In March, Propertymark reported an average of 84 prospective buyers registering with agents up and down the country, with 84% of properties at or above the asking price – 4% more than in February.

Supply being bought has never been in doubt because of the vast imbalance between the number of sellers and buyers. Despite the influx of new buyers, this hasn’t changed much. In fact, the average time taken to sell a house only dropped by three days, to 33.

All this being said, although we can expect thousands more buyers and sellers to come into the equation throughout the rest of 2022, it is highly unlikely that we will see prices actually begin to fall.

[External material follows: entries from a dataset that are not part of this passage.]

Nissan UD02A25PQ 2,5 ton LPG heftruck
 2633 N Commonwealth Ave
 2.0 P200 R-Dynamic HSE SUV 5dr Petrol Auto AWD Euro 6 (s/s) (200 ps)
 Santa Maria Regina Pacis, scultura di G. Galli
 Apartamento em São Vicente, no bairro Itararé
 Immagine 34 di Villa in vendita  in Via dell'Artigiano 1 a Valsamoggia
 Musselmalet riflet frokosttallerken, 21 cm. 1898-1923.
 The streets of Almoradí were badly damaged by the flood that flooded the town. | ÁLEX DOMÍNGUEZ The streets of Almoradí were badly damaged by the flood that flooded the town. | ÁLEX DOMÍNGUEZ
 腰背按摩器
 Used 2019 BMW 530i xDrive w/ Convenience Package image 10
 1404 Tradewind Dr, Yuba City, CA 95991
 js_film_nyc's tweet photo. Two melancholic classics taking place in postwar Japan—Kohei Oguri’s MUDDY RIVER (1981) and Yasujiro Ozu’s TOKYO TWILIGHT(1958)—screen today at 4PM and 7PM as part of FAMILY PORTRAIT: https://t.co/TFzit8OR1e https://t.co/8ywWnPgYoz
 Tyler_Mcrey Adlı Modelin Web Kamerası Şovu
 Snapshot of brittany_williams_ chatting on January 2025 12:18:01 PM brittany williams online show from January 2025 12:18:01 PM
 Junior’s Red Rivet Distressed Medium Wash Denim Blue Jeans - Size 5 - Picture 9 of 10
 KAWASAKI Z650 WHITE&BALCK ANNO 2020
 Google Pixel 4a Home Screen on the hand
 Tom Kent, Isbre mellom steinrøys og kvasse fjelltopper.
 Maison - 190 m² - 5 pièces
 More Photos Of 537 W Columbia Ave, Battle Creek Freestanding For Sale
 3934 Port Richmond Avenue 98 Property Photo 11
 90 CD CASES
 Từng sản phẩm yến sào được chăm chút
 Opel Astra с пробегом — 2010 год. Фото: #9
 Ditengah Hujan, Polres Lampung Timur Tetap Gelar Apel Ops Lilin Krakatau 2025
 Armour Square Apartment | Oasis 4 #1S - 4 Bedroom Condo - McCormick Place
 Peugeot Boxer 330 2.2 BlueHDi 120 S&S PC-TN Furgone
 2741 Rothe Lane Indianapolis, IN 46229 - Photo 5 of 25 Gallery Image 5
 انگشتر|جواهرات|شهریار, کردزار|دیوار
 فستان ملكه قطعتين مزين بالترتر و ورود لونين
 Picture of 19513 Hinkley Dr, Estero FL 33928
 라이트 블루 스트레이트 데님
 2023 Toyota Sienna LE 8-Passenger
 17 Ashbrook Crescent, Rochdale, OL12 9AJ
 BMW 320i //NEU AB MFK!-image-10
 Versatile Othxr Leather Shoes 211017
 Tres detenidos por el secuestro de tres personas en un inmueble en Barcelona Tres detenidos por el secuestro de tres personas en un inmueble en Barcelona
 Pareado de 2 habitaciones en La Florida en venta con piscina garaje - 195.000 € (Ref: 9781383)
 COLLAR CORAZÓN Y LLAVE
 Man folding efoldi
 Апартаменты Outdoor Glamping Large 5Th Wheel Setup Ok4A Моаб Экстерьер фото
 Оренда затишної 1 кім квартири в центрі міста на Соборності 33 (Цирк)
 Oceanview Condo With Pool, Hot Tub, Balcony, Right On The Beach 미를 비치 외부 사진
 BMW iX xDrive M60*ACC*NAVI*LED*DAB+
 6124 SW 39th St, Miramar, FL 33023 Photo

Further increases of 3.5% have already been forecast for this year, and a potential 3% more in 2023, but some experts claim that prices will increase by a maximum of 2%. Given that the average monthly increase so far this year has been around 1%, there is reason to be optimistic of lower rises.

For wannabe first-time buyers, it looks like this is as good a time as any to climb onto the market. Prices are already forcing millions across the country to continue renting or move back home to save enough money, so those who can afford to buy a home should jump at the opportunity before further price increases come into effect – which is happening month on month.

Competitive mortgage deals are currently available, but the extreme demand for property means that you will have to be decisive in order to land the property you want. Interest rates will likely be a big factor in your decision to either buy now or hold off, with the majority of first-time buyers wanting to wait until they begin to drop.

If you’re already established on the property ladder, it may also be worth waiting until the tail-end of the price increases before selling your property.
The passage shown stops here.